Monday, August 14, 2017

Use Machine Learning to Help House Purchase

House purchase is the most tedious process where numerous factors are involved, e.g., locations, built-in, number of bathrooms/bedrooms, etc. Many websites, such as Trulia, provide detailed information of available houses on the market, including house status that whether a house is still available or under a contract. Therefore, we can use the house status as the label to see what other possible factors can influence the decision of house purchases.

To start with, we need the data. Here is a python script that can help you extract the information of houses in your area from Trulia with Beautiful Soup.

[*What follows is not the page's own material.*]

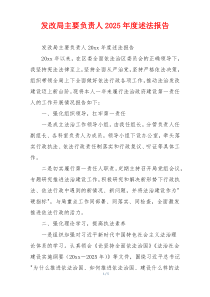 发改局主要负责人2025年度述法报告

This is an example of what data you can get from Trulia:
The collected data in Access

The next step is to prepare the data for training. Because we are using Rapidminer, we have to import the collected data from Access table to Rapidminer. 

Prepare the data

In the data preparation step, we filtered unnecessary information, such as MLS ID, URL of each house, etc. We then changed the status of for sale by owner to for sale so that there are only two status: for sale and pending (i.e., under a contract). We set the house status as the label, namely the target we want to predict, and exclude some features of houses that are not common, e.g., has a lawn or has a pond.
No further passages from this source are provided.